In response to media enquiries, a spokesman for the Department of Justice said the following today (September 15):
Mr Justice Chow, by a Decision delivered on September 1 (the Decision), brought to an end the criminal contempt proceedings (HCMP 488, 490 to 492, 494 and 495 to 506/2015) commenced by the Secretary for Justice (SJ) against 17 respondents in respect of the execution of an injunction order granted in an earlier action (HCA 2086/2014). The SJ has considered the desirability of lodging an appeal, as the Decision highlighted the existence of various legal issues (including the correct interpretation of the relevant statutory provisions, the possible inconsistencies amongst different statutory provisions, and the Court's jurisdiction in contempt proceedings) which require clarification by the Court of Appeal (or even the Court of Final Appeal). However, having considered all the relevant circumstances, the SJ has decided not to appeal against the Decision. Instead, the SJ will make fresh applications for leave to commence contempt proceedings against the 17 said persons so that the question of their liabilities for criminal contempt (if any) can be decided as soon as possible.
The SJ's role in respect of criminal contempt proceedings differs from that in respect of ordinary criminal prosecutions. Instead of prosecuting an accused on behalf of the Hong Kong Special Administrative Region, the SJ's role in criminal contempt proceedings is to assist the Court in a capacity similar to an "amicus curiae" by bringing to the Court's notice matters which he considers the Court shall be informed in the interests of the administration of justice, so that the Court can decide whether or not to punish the persons involved for contempt.
In the present case, lodging an appeal can achieve the aim of clarifying the legal issues.

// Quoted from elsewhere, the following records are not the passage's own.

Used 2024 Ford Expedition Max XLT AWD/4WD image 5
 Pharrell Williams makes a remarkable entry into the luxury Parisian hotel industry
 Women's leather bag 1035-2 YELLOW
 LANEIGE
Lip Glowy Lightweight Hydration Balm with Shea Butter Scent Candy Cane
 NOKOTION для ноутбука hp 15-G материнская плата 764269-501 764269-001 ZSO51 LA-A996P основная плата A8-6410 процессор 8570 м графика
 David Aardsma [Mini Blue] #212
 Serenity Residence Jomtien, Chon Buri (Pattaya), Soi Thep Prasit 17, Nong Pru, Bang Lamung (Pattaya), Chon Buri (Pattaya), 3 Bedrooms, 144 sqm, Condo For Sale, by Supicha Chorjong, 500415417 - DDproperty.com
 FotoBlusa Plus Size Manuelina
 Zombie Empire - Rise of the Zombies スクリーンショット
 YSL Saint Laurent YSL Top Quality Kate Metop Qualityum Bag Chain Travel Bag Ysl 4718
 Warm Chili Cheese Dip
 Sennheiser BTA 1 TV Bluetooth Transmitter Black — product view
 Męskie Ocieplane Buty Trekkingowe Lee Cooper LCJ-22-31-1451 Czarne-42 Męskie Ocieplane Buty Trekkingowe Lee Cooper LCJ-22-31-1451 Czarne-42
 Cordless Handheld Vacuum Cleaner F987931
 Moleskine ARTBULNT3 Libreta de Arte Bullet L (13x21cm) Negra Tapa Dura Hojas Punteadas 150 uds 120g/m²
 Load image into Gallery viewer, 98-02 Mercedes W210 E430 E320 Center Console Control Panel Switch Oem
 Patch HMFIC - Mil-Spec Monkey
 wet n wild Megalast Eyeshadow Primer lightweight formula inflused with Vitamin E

However, such a course will have the effect of deferring the final determination of the contempt proceedings against the 17 said persons for a considerable period of time. Balancing all the relevant considerations, the SJ took the view that the overall public interest, including the safeguarding of the administration of justice and expeditious disposal of the matters, can be best served by making fresh applications instead of appealing against the Decision.
Notwithstanding the decision not to appeal in the present case, the Department of Justice may on future appropriate occasion(s) seek the Court's determination on the said legal issues (i.e. those issues including the correct interpretation of the relevant statutory provisions, the possible inconsistencies amongst different statutory provisions, and jurisdiction of the Court in contempt proceedings).